* Data supplied *
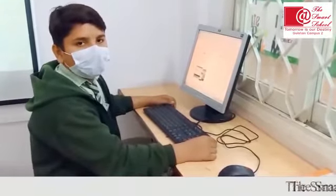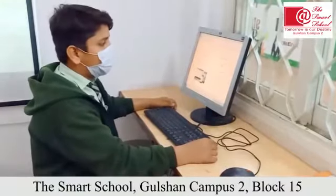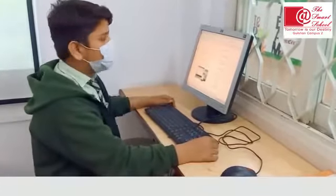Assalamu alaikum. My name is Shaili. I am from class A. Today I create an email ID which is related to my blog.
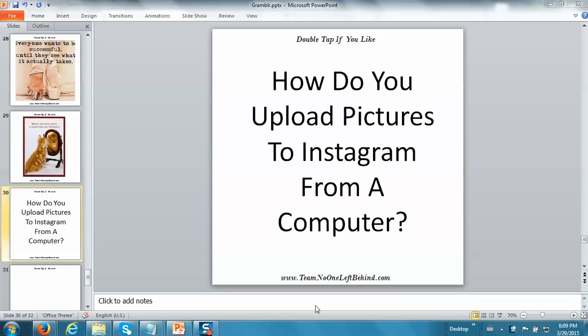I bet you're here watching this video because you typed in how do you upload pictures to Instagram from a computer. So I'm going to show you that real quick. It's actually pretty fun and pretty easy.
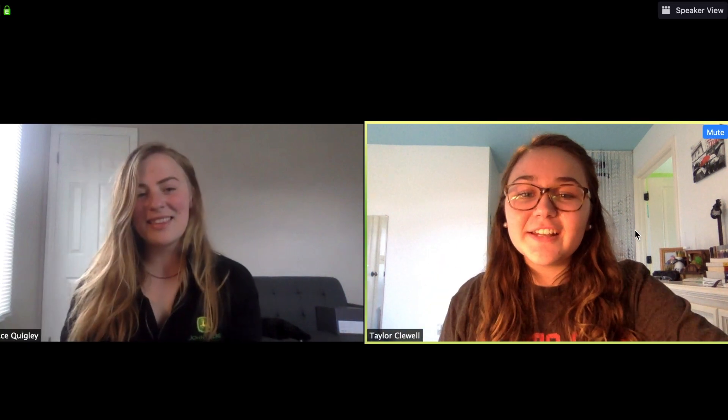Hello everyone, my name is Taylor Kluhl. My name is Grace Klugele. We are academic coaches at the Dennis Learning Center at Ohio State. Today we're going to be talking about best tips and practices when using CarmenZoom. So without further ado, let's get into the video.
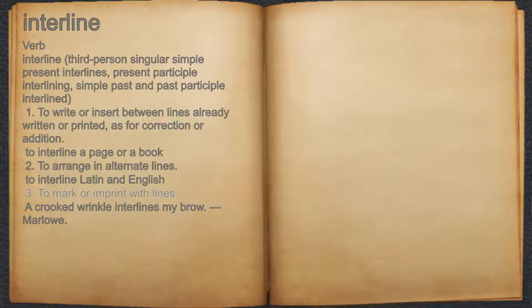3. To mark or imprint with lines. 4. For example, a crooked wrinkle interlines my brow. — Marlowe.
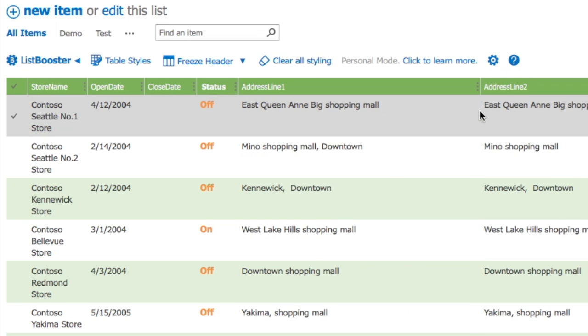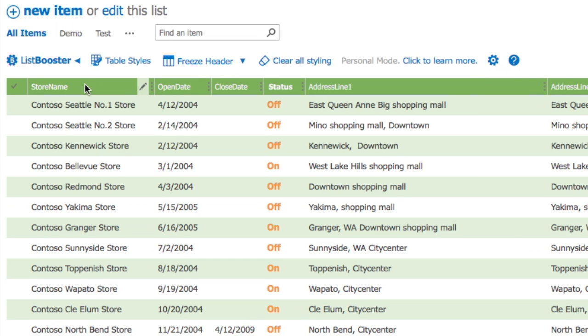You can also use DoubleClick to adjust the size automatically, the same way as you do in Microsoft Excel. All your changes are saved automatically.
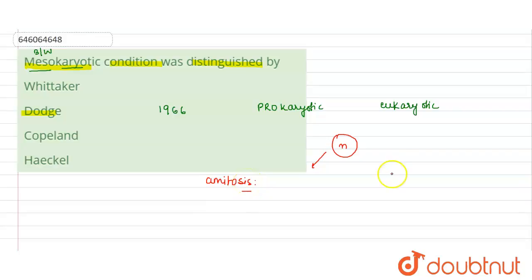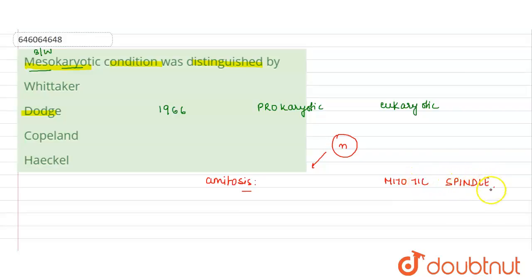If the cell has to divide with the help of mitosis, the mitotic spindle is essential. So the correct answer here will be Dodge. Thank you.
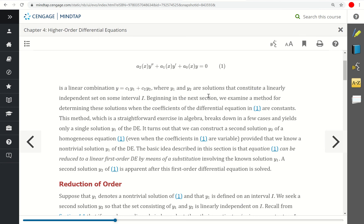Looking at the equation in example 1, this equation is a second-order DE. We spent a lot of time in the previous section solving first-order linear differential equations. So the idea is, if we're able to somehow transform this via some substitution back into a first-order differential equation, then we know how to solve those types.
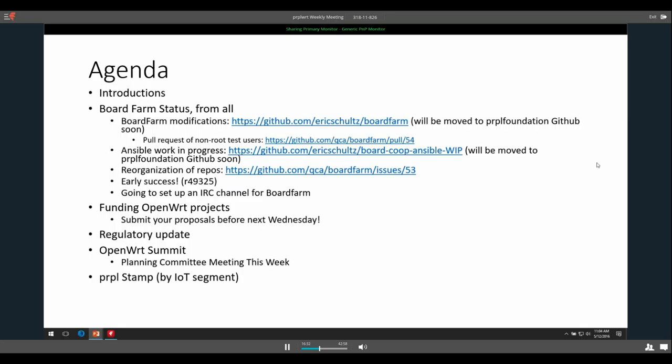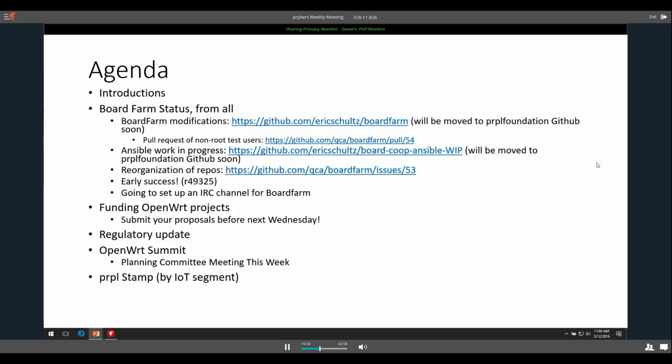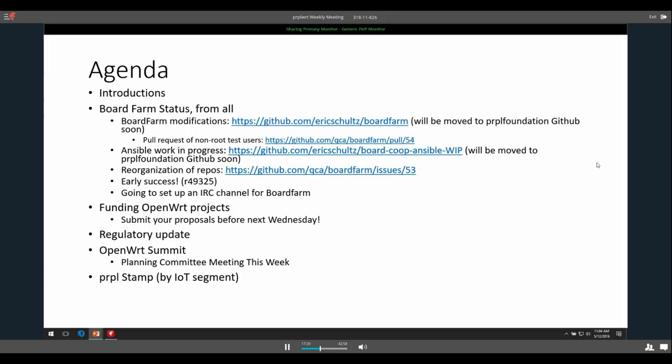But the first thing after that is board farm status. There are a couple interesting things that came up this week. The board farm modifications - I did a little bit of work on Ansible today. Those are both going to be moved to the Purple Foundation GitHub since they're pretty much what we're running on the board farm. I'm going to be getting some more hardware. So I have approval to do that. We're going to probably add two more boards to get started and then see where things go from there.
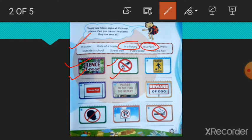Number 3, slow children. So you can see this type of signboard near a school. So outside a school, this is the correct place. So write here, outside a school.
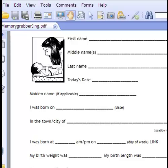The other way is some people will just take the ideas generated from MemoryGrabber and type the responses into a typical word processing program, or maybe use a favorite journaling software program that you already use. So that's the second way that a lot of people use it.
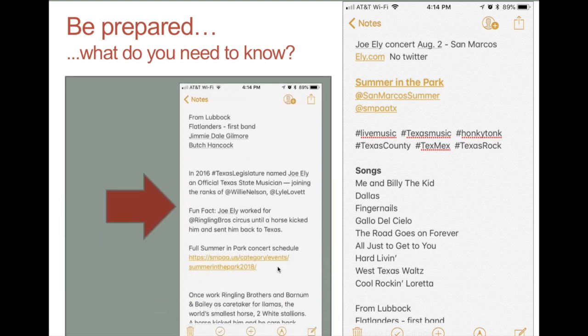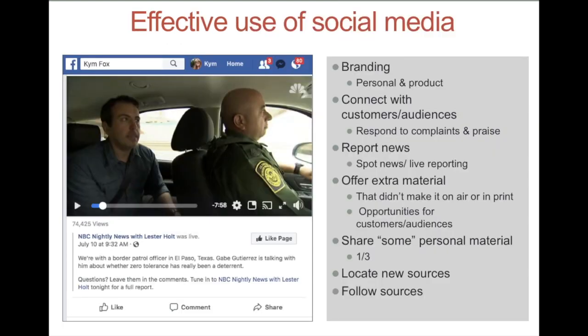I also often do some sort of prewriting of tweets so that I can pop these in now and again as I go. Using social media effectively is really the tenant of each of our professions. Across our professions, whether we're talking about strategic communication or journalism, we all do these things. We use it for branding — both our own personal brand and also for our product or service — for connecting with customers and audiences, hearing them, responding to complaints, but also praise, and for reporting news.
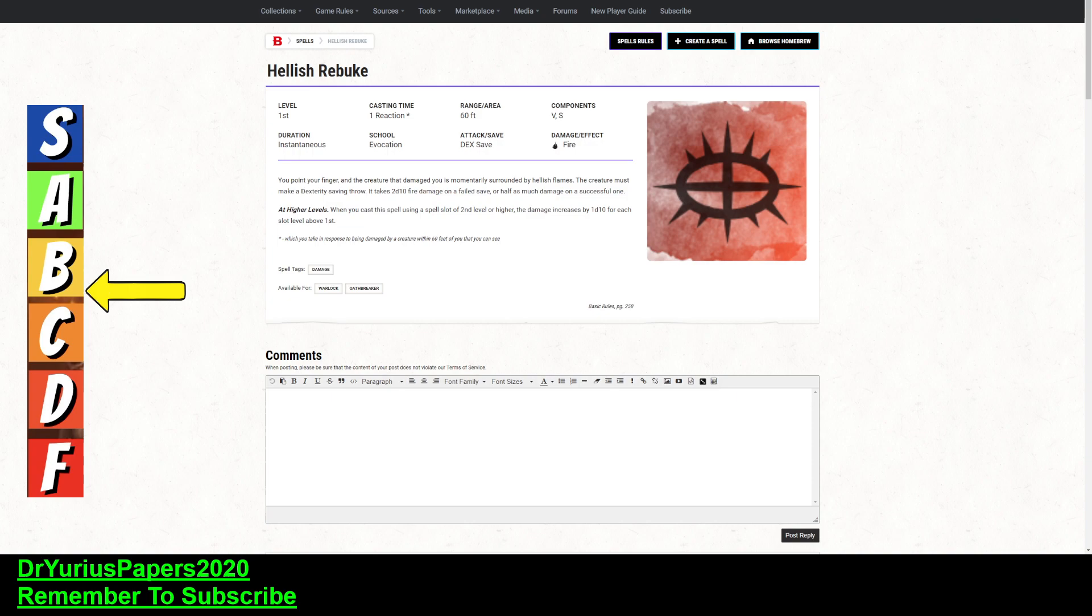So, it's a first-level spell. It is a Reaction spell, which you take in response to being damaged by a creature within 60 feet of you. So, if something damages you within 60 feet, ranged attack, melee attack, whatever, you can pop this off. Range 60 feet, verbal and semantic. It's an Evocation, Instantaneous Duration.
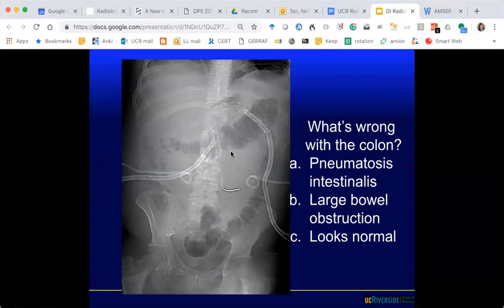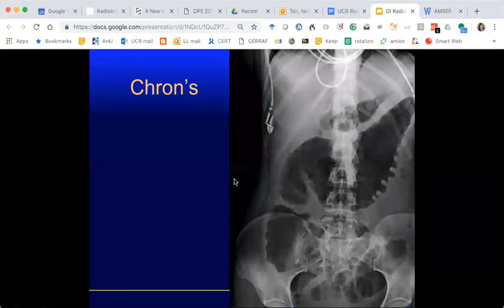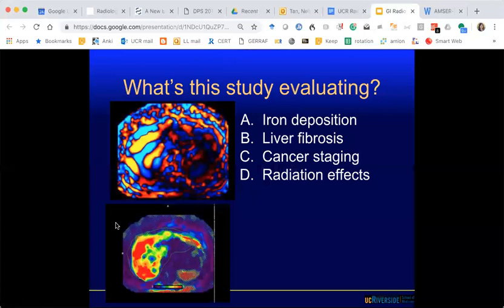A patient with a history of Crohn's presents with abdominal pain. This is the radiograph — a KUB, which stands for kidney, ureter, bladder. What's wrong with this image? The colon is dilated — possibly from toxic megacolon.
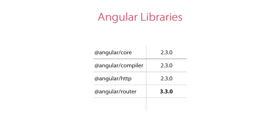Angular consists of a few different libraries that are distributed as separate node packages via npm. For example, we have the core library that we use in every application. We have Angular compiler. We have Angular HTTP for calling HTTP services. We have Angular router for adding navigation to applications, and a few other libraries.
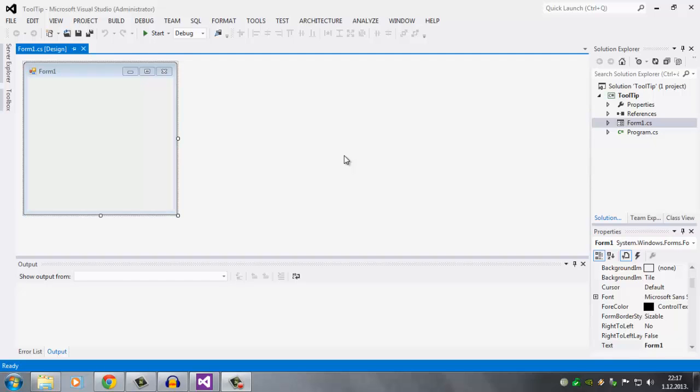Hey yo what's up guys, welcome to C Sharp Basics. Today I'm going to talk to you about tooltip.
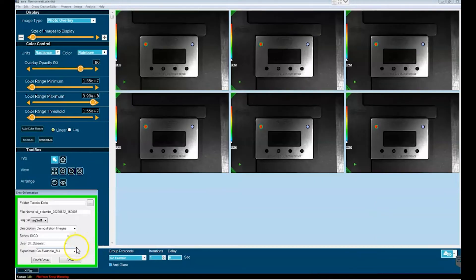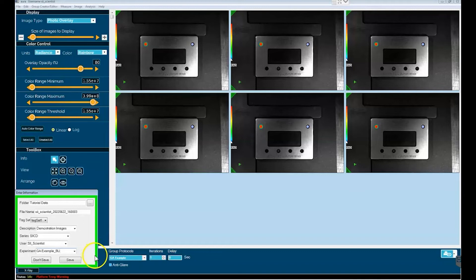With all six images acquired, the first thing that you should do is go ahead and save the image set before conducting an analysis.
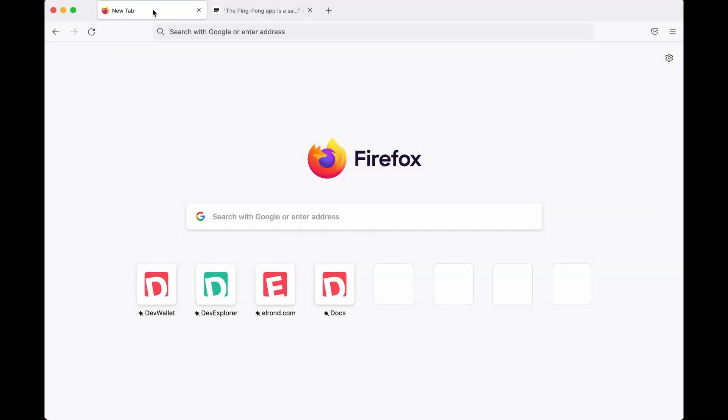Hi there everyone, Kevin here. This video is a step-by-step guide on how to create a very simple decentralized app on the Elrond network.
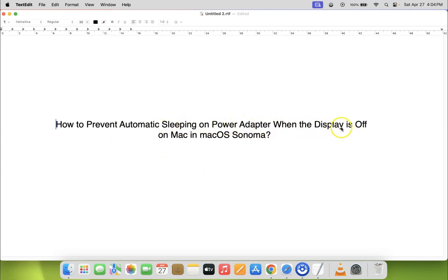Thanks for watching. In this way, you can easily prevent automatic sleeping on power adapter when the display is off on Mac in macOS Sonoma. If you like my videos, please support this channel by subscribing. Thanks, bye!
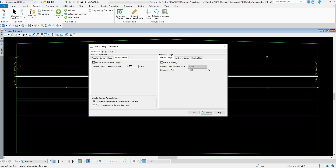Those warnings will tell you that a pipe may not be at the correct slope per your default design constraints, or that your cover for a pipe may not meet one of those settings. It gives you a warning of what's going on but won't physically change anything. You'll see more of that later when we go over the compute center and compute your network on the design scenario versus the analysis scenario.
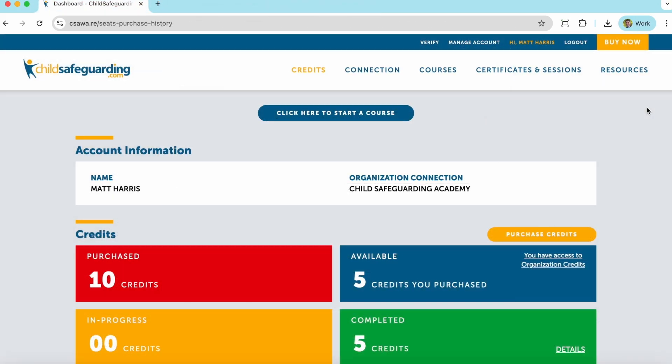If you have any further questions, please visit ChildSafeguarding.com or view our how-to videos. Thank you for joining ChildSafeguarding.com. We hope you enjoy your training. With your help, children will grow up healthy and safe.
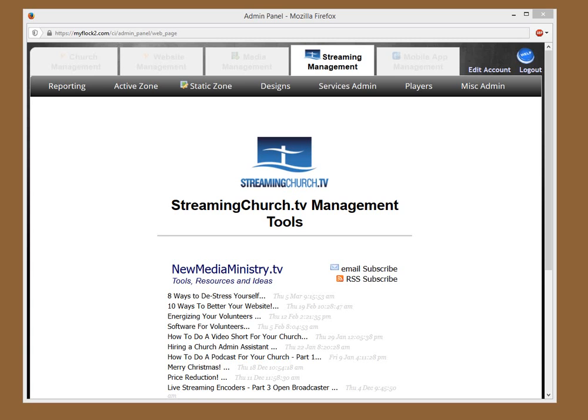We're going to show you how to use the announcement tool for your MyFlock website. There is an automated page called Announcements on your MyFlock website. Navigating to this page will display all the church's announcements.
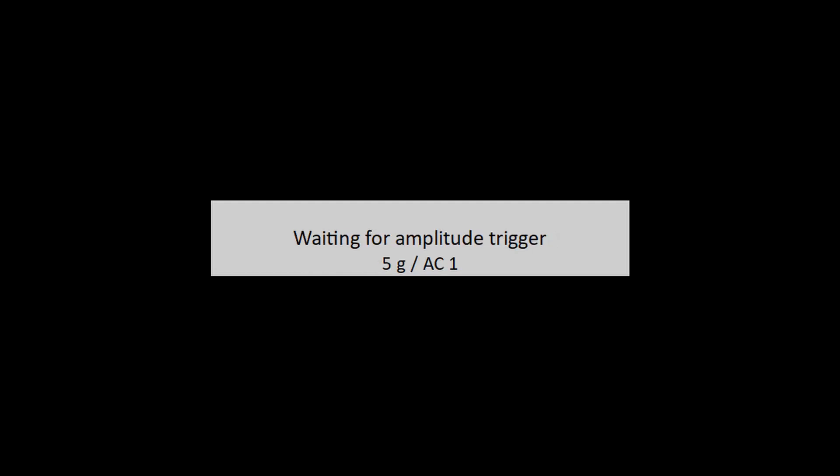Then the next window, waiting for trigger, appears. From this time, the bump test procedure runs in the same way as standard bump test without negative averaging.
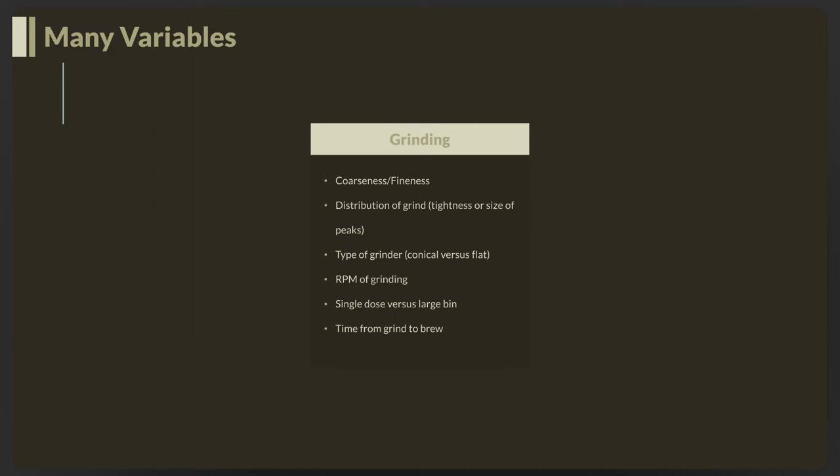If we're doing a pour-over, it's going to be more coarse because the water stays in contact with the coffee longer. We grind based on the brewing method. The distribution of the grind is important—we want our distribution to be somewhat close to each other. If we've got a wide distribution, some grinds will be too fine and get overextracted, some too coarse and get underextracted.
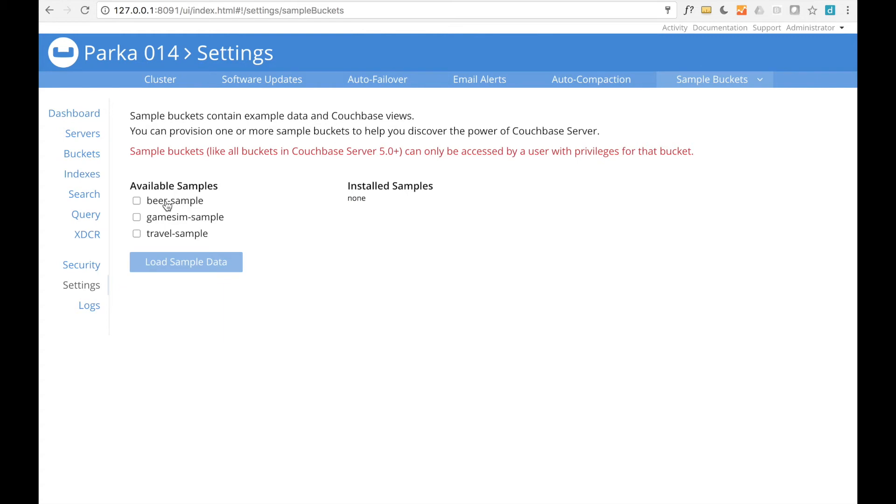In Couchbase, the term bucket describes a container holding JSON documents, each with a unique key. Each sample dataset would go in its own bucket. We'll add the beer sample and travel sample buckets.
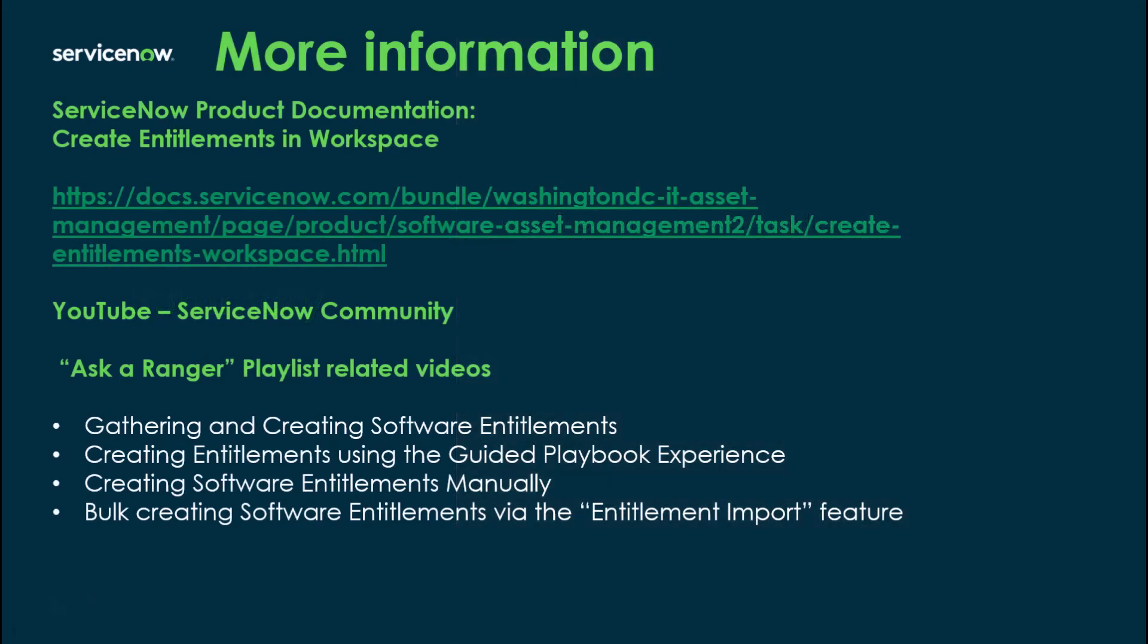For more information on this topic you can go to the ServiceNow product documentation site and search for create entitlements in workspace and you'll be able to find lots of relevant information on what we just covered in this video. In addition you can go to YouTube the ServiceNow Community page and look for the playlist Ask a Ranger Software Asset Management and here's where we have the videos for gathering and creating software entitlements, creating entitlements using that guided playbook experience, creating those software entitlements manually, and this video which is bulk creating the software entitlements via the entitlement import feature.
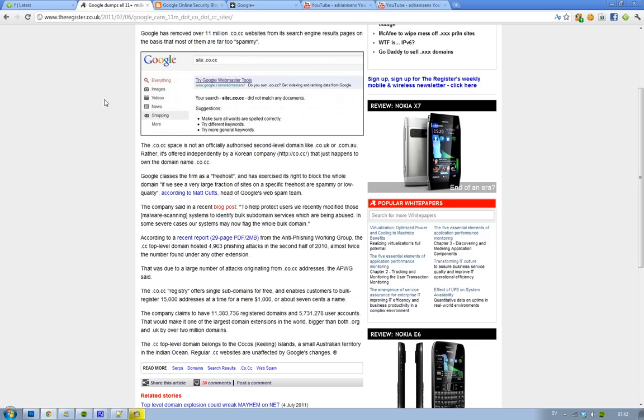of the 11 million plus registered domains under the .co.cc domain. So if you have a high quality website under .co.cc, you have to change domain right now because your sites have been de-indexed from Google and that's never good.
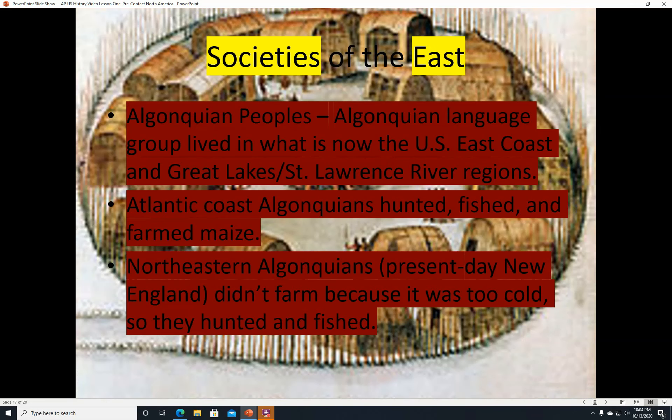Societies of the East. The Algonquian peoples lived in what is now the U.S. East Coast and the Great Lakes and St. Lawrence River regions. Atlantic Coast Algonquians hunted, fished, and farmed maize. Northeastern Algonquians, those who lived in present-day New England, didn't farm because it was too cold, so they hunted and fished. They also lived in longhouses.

* What is expected *
Each line above that falls between the line with "Angular consists of" and the line with "If you have any" should be printed exactly, together with those two lines, but the pictures should not.

* Finished task *
Angular consists of a few different libraries that are distributed as separate node packages via npm. For example, we have the core library that we use in every application. We have Angular compiler. We have Angular HTTP for calling HTTP services. We have Angular router for adding navigation to applications, and a few other libraries.
Hey yo what's up guys, welcome to C Sharp Basics. Today I'm going to talk to you about tooltip.
With all six images acquired, the first thing that you should do is go ahead and save the image set before conducting an analysis.
Hi there everyone, Kevin here. This video is a step-by-step guide on how to create a very simple decentralized app on the Elrond network.
Thanks for watching. In this way, you can easily prevent automatic sleeping on power adapter when the display is off on Mac in macOS Sonoma. If you like my videos, please support this channel by subscribing. Thanks, bye!
Those warnings will tell you that a pipe may not be at the correct slope per your default design constraints, or that your cover for a pipe may not meet one of those settings. It gives you a warning of what's going on but won't physically change anything. You'll see more of that later when we go over the compute center and compute your network on the design scenario versus the analysis scenario.
If you have any further questions, please visit ChildSafeguarding.com or view our how-to videos. Thank you for joining ChildSafeguarding.com. We hope you enjoy your training. With your help, children will grow up healthy and safe.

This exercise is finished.